I quoted the imam, who confirmed what I’d already written—that the minaret had no sound system or speakers and would not be used to call Muslims to prayer. I also quoted an FBI spokesman as well as a CAIR spokesman, and then detailed some of the comments that had alarmed Muslims and caused them to inform the FBI.
For example, one visitor to Gateway Pundit had written: “It is really hard on us white, nonMuslims to have to live with these folks taking over our neighborhood and community. Our government helping these people relocate into America’s heartland is like inviting the enemy into your camp. It’s totally disgusting.” On another blog, Little Green Footballs, a visitor named “Amer1can” upped the ante: “Would be a shame if it were to be vandalized or destroyed. Just a shame I tell you….wink wink STL youth.” Another visitor to the same blog added: “I suppose dynamite would be considered an extreme response.”
That was it. Twelve inches. Bottom of B2.

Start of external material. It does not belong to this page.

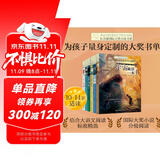 长青藤国际大奖小说分级阅读小学高年级精选下6册宇宙最后一本、追梦的孩子、暑假里的大生意等四五六年级中小学生必读影响孩子一生的国际儿童文学奖经典名著课外阅读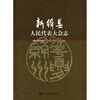 

新绛县人民代表大会志（附CD-ROM光盘1张）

But of course, B2 doesn’t really exist anymore. Not on the Internet. The next morning, the e-mails started coming in at around nine. Many of them complained that I had written a story “planted” by CAIR, which was, I was told over and over again, a front for Hamas and the Muslim Brotherhood, and a fundraising arm for other Islamist terrorist organizations. But it was only after my testy e-mail exchange with Charles Johnson, the proprietor of Little Green Footballs, that the real fun began—especially after Johnson posted our correspondence on the blog.
Over the next two days, I received more than one hundred e-mails from Little Green Footballs readers. One suggested I should look into a job at Taco Bell, since I was obviously going to be fired for messing with Johnson. (Little Green Footballs fans credit Johnson with taking down Dan Rather after his 60 Minutes story on George W. Bush’s National Guard service.) Another called me “a self-righteous numskull with the literary prowess of a dodo bird. A dodo bird that dropped out of college and is on drugs.” Still another suggested that there was “no way you could possibly be any more of a dick.”
In two related threads on Johnson’s blog, which ran to nearly 1,500 comments, my photo, bio, and home address were all posted. Someone ran my name through an anagram site and listed the results (Demon Shitty Town, Howdy Mitten Snot, Hindmost Yet Wont). Another participant wrote a song, to be sung to the “Toys ‘R’ Us” theme: “I don’t want to be a St. Louis Post-Dispatch journalist, because if I was. There wouldn’t be heaven after death.” And let’s not forget the haiku:
Tim shills for haters While wearing moderate robes He does not fool us
Besides being called ignorant, arrogant, balding, stupid, rude, fat (my new nickname was Burger Boy), lazy, and incompetent, I was depicted as a Satanic baby. My mother was insulted. I was accused of lying about my academic degrees, having a comb-over, being a paid agent of the Saudi government, and acquiring “numerous social diseases.” I was, apparently, a plagiarist and a terrorist. Someone did a search to see if I was a pedophile. Others stuck with more generalized invective:
Tim Townsend—you’re a smarmy little f—-, aren’t you? [my editing]
Townsend really should have checked on Dan Rather’s career before he messed with Charles.
What a chickenshit little cocksucker. Another journalouse prick with a face for radio.
Finally, there were suggestions that I should be murdered. To his credit, Johnson deleted the death threats and the comments with my address. Blessed are the peacemakers.